Source records
++++++
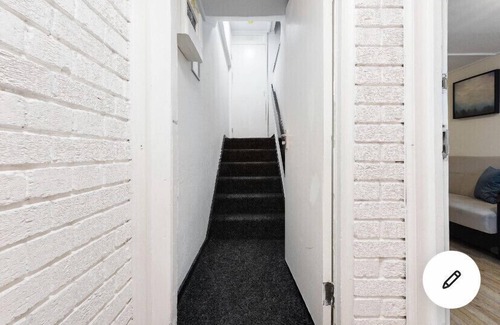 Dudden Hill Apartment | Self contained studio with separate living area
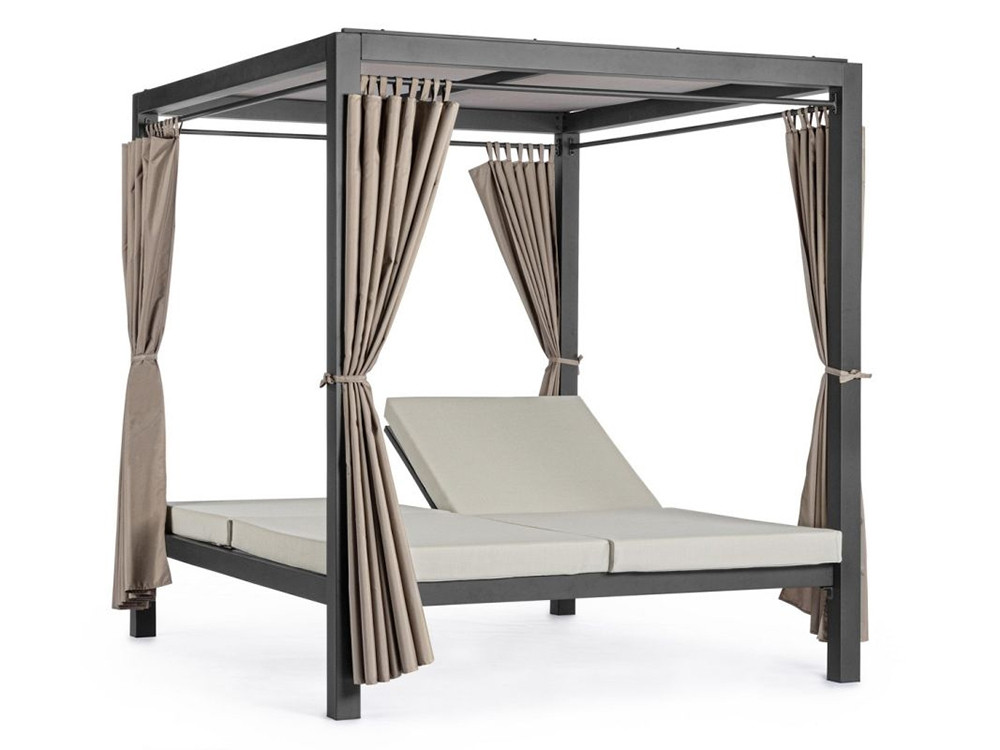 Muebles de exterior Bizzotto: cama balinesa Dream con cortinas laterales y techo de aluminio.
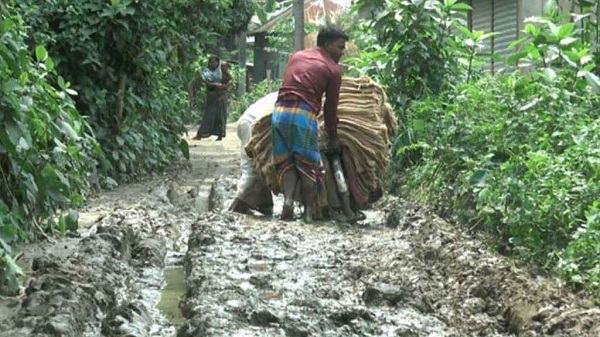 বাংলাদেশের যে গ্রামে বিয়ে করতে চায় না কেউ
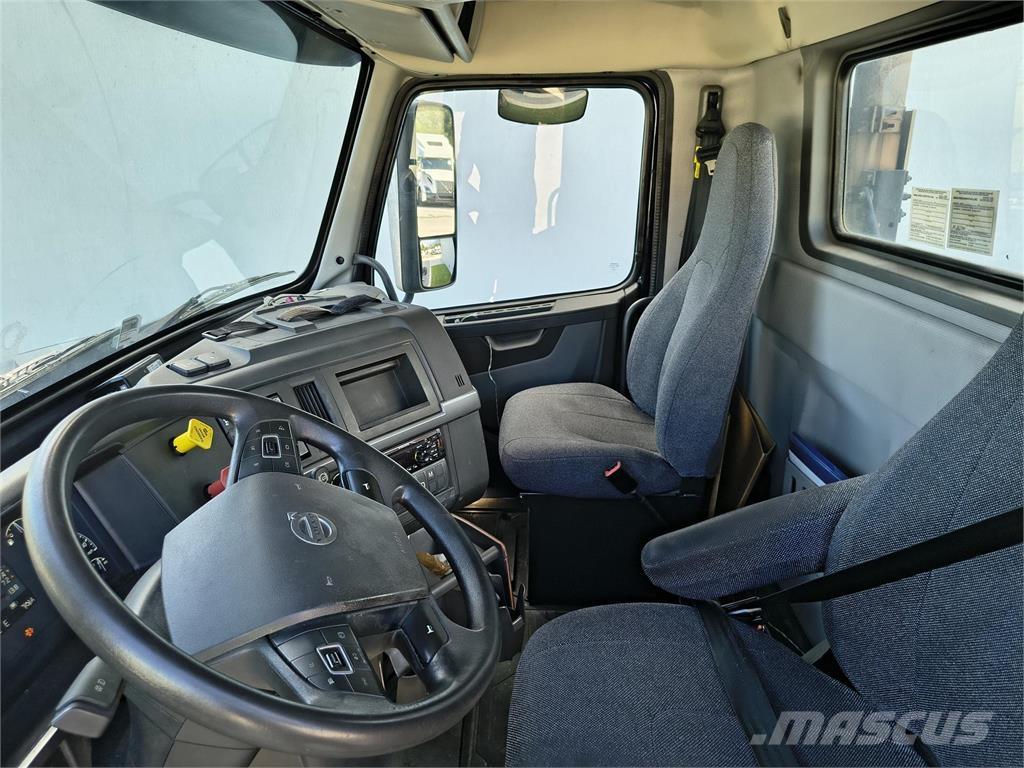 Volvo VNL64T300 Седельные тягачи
++++++
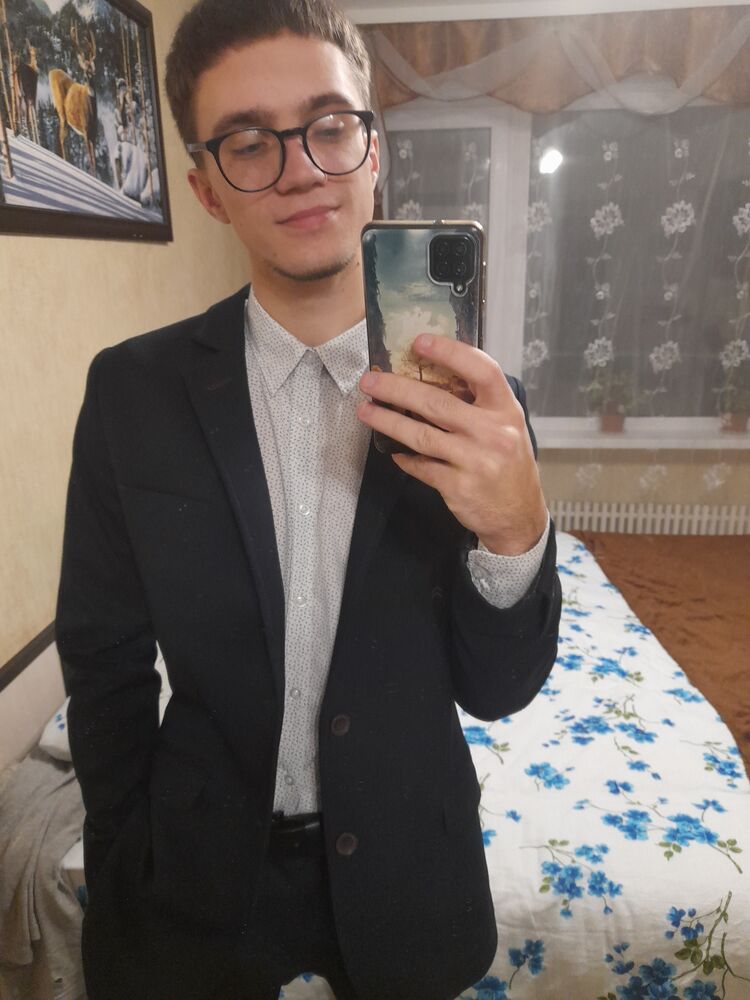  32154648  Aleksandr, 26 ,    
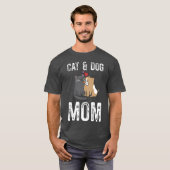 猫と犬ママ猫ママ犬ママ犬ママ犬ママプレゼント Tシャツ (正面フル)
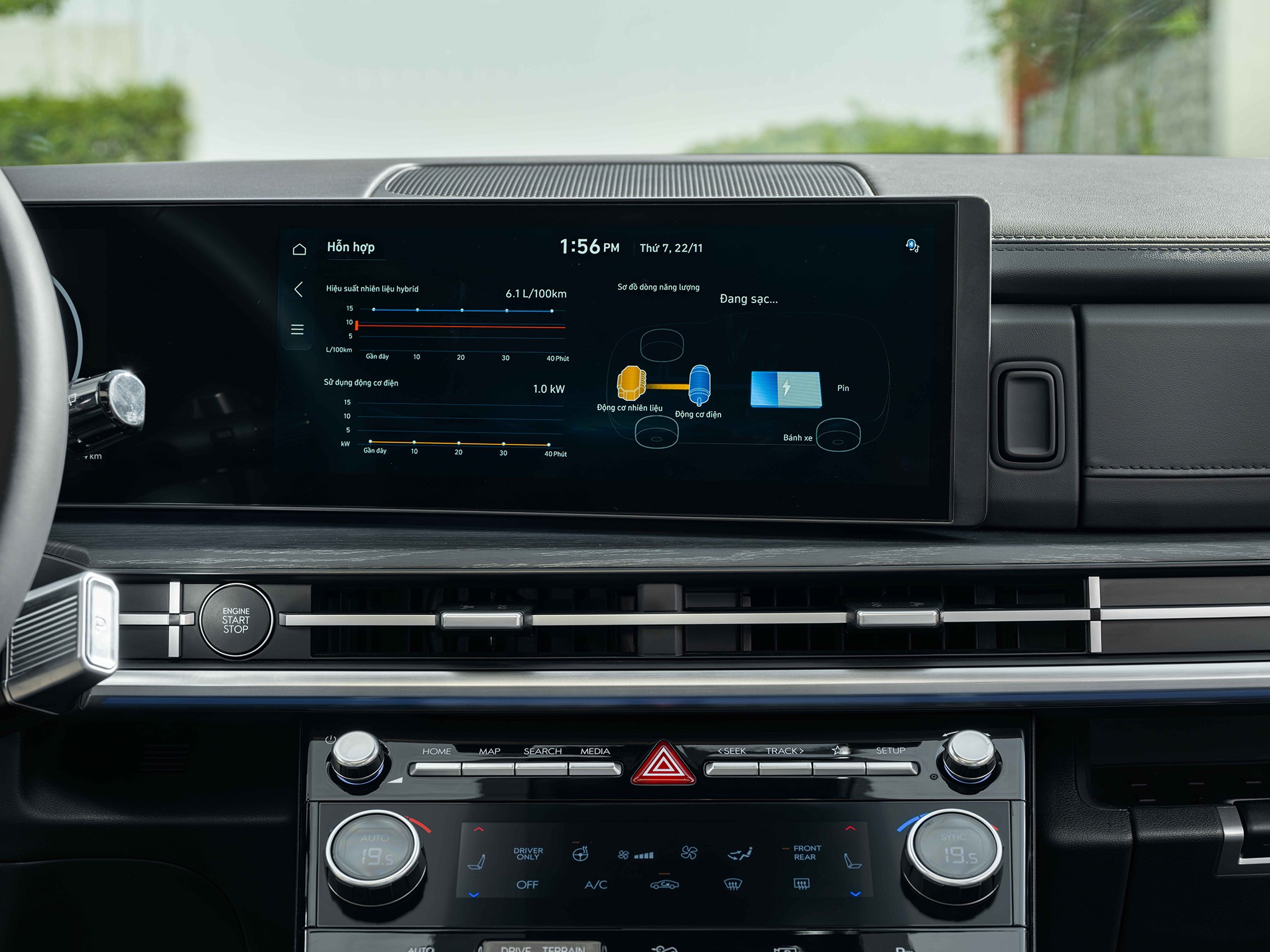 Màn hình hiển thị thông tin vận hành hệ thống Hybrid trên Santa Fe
++++++
Work to be completed
Exact repeat of the material above: every line from the one with "Dudden Hill Apartment" through the one with "Volvo VNL64T300 Седельные тягачи", endpoints included, and nothing more. No pictures.

Answer to this problem
 Dudden Hill Apartment | Self contained studio with separate living area
 Muebles de exterior Bizzotto: cama balinesa Dream con cortinas laterales y techo de aluminio.
 বাংলাদেশের যে গ্রামে বিয়ে করতে চায় না কেউ
 Volvo VNL64T300 Седельные тягачи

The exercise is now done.